The lawsuit alleges that Sam Bankman-Fried’s Alameda Research artificially inflated the growth of the cryptocurrency Tether using a secret short-term line of credit worth billions of dollars from the Bahamas-based Deltec Bank.
In a statement, Deltec declared: “We are aware of the amended complaint filed by Plaintiffs’ lawyers in the FTX matter. The new complaint does not cure the defects of the prior complaints and Deltec will continue to vigorously defend against these meritless claims, which do not belong in a US court.”
The bank added: “The new allegations rely heavily on unsubstantiated statements by individuals who we understand are settling their lawsuits with Plaintiffs in exchange for providing the information. Like the rest of the world, Deltec Bank and Jean Chalopin had no knowledge of FTX’s misconduct until it was made public.”

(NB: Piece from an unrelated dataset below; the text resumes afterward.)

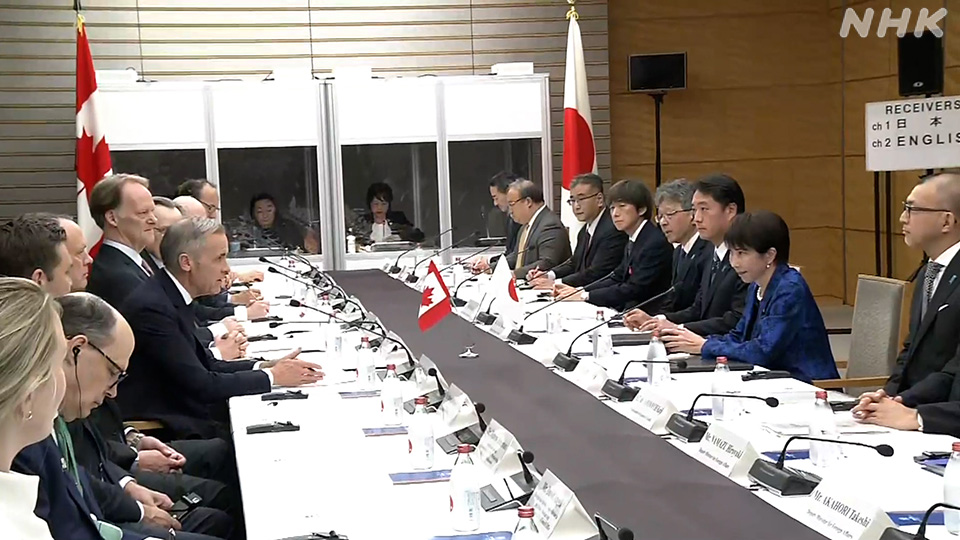 Carney berbicara dengan Perdana Menteri Jepang Takaichi Sanae di Tokyo pada Jumat.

In a new filing submitted in a Florida federal court, FTX’s sister trading firm Alameda Research was accused of boosting the growth of USDT issuer Tether through a secret scheme. According to the lawsuit, the hedge fund used billions of dollars worth of secret short-term lines of credit from Deltec Bank & Trust Ltd to influence the growth of Tether.
The BahamAS-based bank was also accused of being an ally to Bankman-Fried in his fraud scheme, where he misappropriated customers’ deposits. It was stated that Deltec helped FTX and Alameda Research by transferring the funds between accounts.
Per the latest filing, the bank had every reason to be suspicious of the transfer but took no action against it.